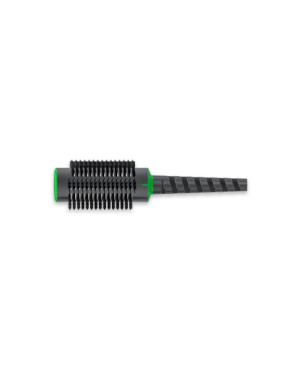 Thermal round Spiral brush, black and green color, diameter 65 - code:  SP514C-ALM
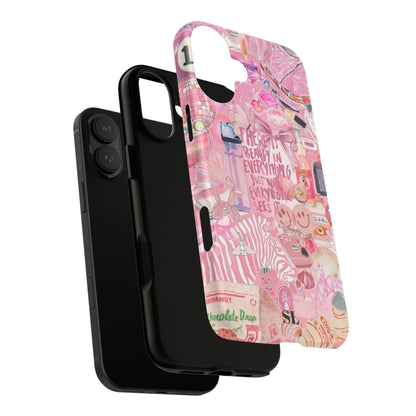 Pretty in Pink iPhone Case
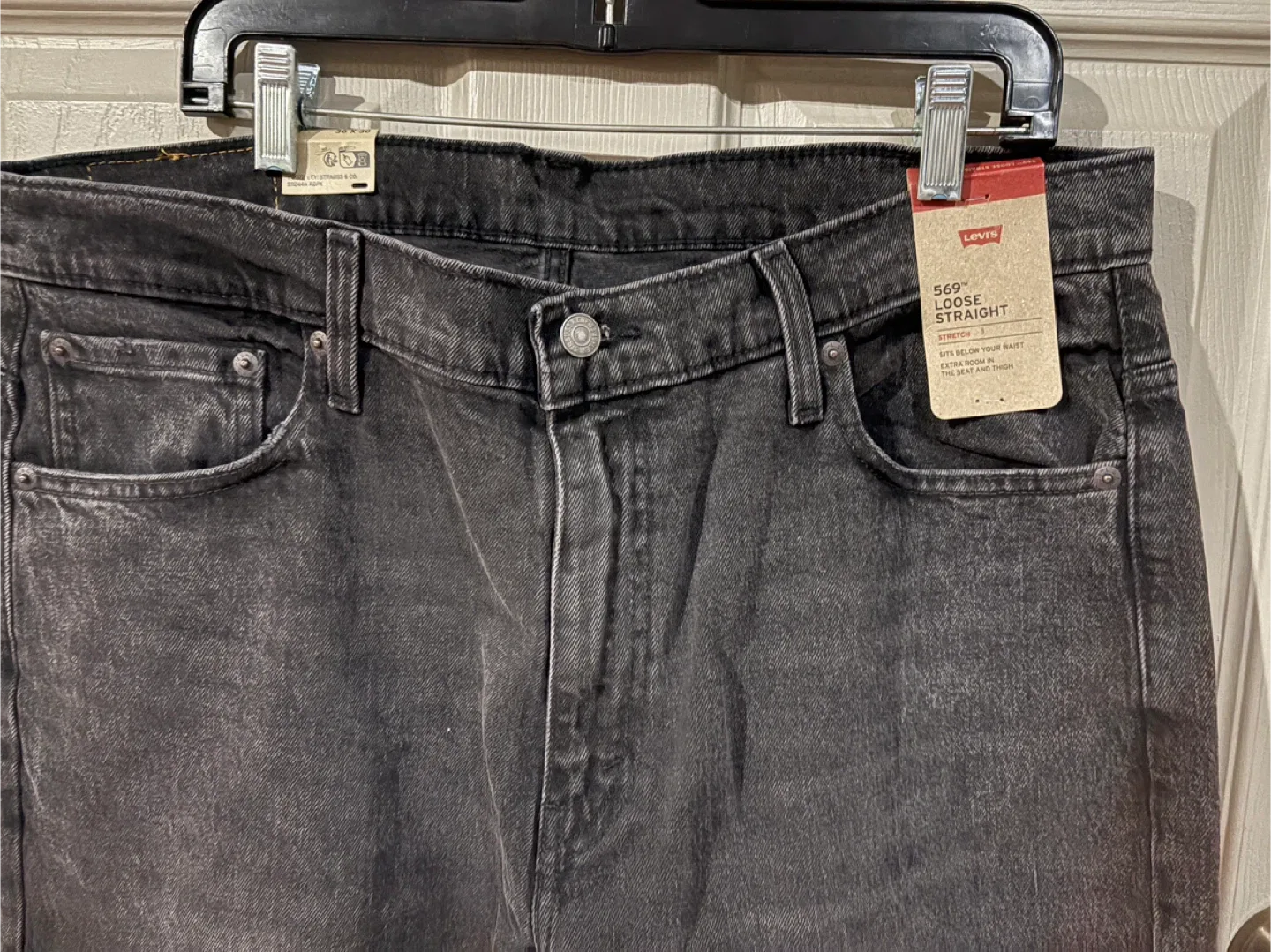 Levi's 569 Loose Straight Jeans - 36W x 30L image indicator(7)
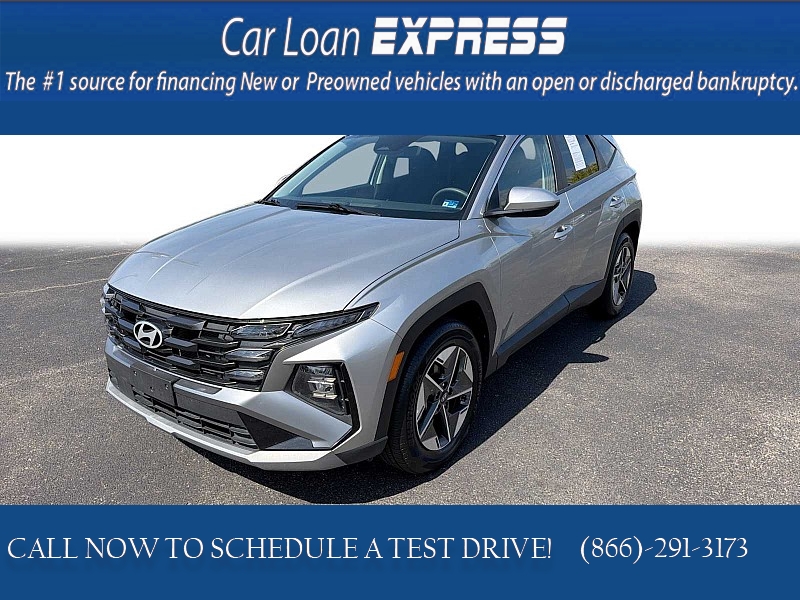 Used 2025  Hyundai Tucson SEL FWD at CarloanExpress&period;Com near Hampton&comma; VA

──────────

*WORK TO COMPLETE*: Pictures aside, the material must be written out word for word.

*COMPLETED EXERCISE*:
 Thermal round Spiral brush, black and green color, diameter 65 - code:  SP514C-ALM
 Pretty in Pink iPhone Case
 Levi's 569 Loose Straight Jeans - 36W x 30L image indicator(7)
 Used 2025  Hyundai Tucson SEL FWD at CarloanExpress&period;Com near Hampton&comma; VA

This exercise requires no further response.